Well, I’m going to hold my breath for the real political problem in waiting – the inevitable backlash that happens when Mallitokis, D’Esposito, and others take this fight to Congress and the national stage. I bet that’s probably why American Clean Power just sent me a notice for a press briefing on battery safety next week …
And more of the week’s top conflicts around renewable energy.
1. Queen Anne’s County, Maryland – They really don’t want you to sign a solar lease out in the rural parts of this otherwise very pro-renewables state.
2. Logan County, Ohio – Staff for the Ohio Power Siting Board have recommended it reject Open Road Renewables’ Grange Solar agrivoltaics project.
3. Bandera County, Texas – On a slightly brighter note for solar, it appears that Pine Gate Renewables’ Rio Lago solar project might just be safe from county restrictions.
Here’s what else we’re watching…
In Illinois, Armoracia Solar is struggling to get necessary permits from Madison County.

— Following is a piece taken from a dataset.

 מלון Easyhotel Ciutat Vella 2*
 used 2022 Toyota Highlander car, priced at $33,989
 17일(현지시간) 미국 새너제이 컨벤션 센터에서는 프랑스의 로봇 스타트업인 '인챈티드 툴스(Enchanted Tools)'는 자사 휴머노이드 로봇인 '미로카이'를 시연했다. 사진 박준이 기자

In Kentucky, the mayor of Lexington is getting into a public spat with East Kentucky Power Cooperative over solar.
In Michigan, Livingston County is now backing the legal challenge to Michigan’s state permitting primacy law.
On the week’s top news around renewable energy policy.
1. IRA funding freeze update – Money is starting to get out the door, finally: the EPA unfroze most of its climate grant funding it had paused after Trump entered office.
2. Scalpel vs. sledgehammer – House Speaker Mike Johnson signaled Republicans in Congress may take a broader approach to repealing the Inflation Reduction Act than previously expected in tax talks.
3. Endangerment in danger – The EPA is reportedly urging the White House to back reversing its 2009 “endangerment” finding on air pollutants and climate change, a linchpin in the agency’s overall CO2 and climate regulatory scheme.